YOUR OBJECTIVE: An exact copy of the listing is required, with its pictures removed.

+++

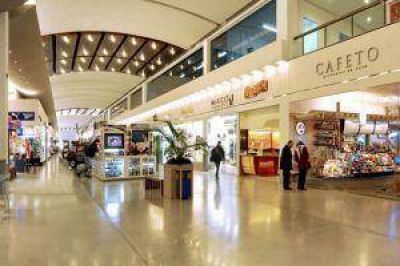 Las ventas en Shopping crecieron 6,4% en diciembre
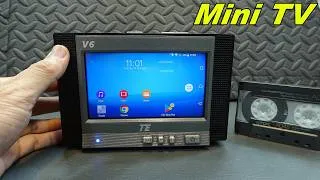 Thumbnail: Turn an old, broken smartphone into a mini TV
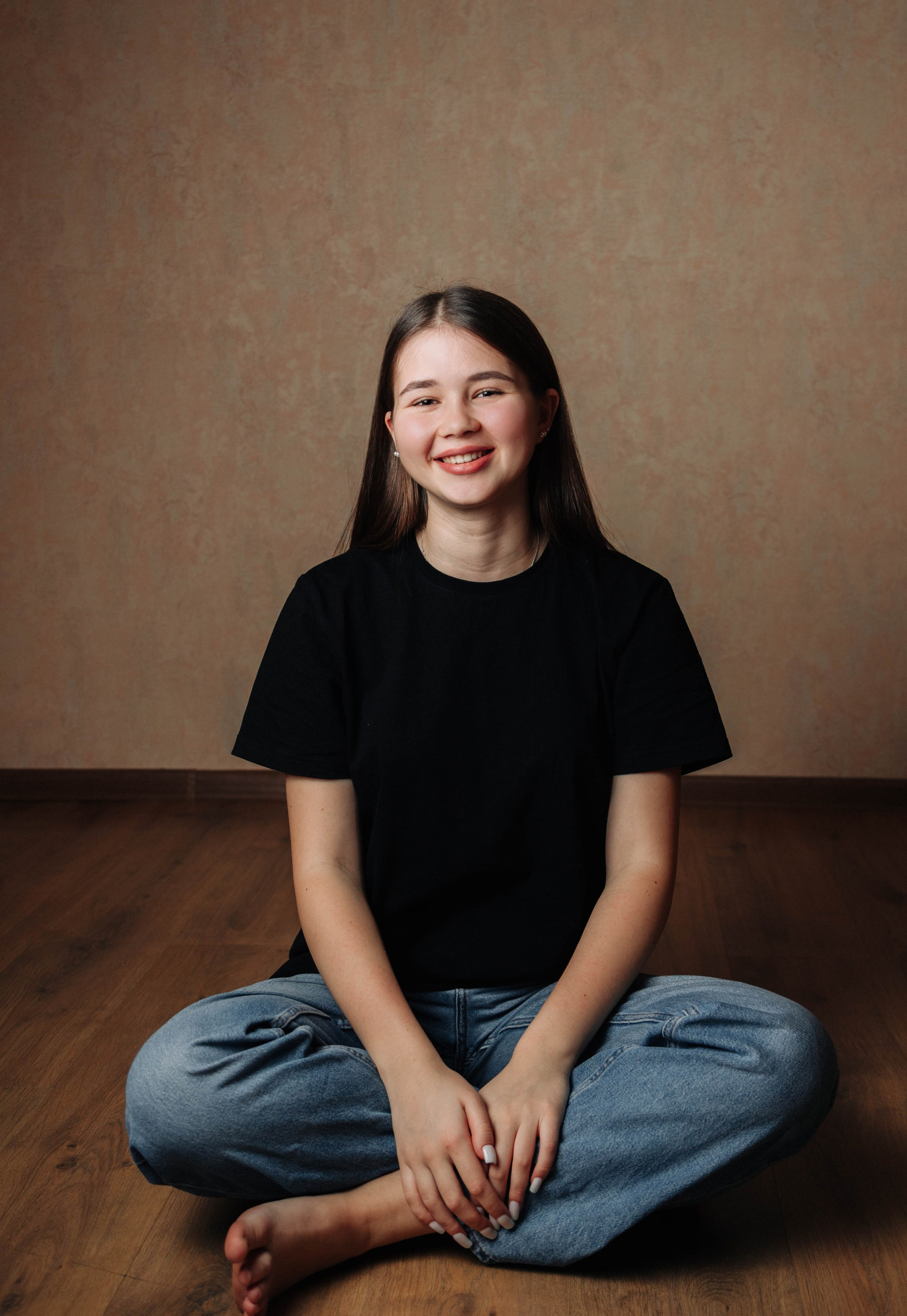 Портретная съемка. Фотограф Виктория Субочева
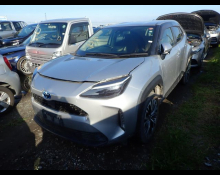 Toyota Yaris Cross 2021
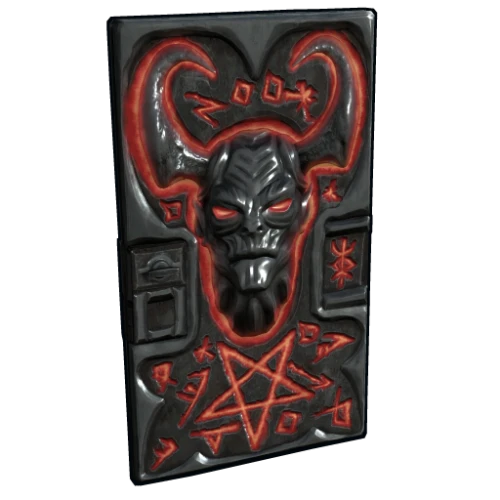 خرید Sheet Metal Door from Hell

+++

EXPECTED ANSWER:
 Las ventas en Shopping crecieron 6,4% en diciembre
 Thumbnail: Turn an old, broken smartphone into a mini TV
 Портретная съемка. Фотограф Виктория Субочева
 Toyota Yaris Cross 2021
 خرید Sheet Metal Door from Hell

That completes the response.